Nur 16 Stunden nach der siebenstündigen Tennisschlacht im Herrendoppel, die das tschechische Duo mit 3:2 Sätzen gewann, standen sich die Top-Spieler beider Teams, Stanislas Wawrinka und Tomáš Berdych, am Sonntag in Genf erneut gegenüber. Diese Begegnung gewann die Nummer 6 der Weltrangliste, der Tscheche Berdych, in vier Sätzen mit 6:3, 6:4, 3:6 und 7:6 (7:5). Damit holte der 27-Jährige den dritten und entscheidenden Punkt für die Gäste, die nun im Viertelfinale stehen. Daran änderte auch die Drei-Satz-Niederlage des erst 19-jährigen Jan Veselý nichts mehr. Bei seinem Davis-Cup-Debüt unterlag das Nachwuchstalent dem eingebürgerten Schweizer Henri Laaksonen 6:0, 3:6 und 1:6.
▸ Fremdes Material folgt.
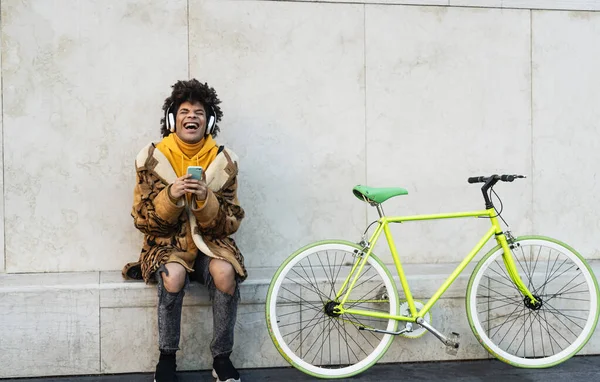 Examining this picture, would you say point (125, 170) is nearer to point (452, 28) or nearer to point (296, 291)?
point (296, 291)

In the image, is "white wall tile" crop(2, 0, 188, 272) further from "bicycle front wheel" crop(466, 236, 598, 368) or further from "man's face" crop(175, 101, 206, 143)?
"bicycle front wheel" crop(466, 236, 598, 368)

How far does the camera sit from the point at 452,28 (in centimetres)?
596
Im Duell mit Wawrinka spielte Berdych zu Beginn sehr konzentriert und gewann die ersten zwei Sätze nach je einem Break. Nach dem Verlust des dritten Satzes wurde Berdychs Gegner stärker und war im Tiebreak des vierten Satzes dem Satzausgleich nahe. Beim Stand von 2:5 im Tiebreak behielt Berdych jedoch die Nerven und sicherte sich mit fünf Gewinnbällen in Folge doch noch den Satz und somit das Match. Für Berdych war es der 41. Sieg im Davis Cup (24 im Einzel, 17 im Doppel), womit er nur noch einen Triumph hinter Landsmann Tomáš Šmíd rangiert. Der ehemalige Doppelspezialist Šmíd ist der drittbeste tschechische Tennisspieler in der Geschichte des Davis Cups.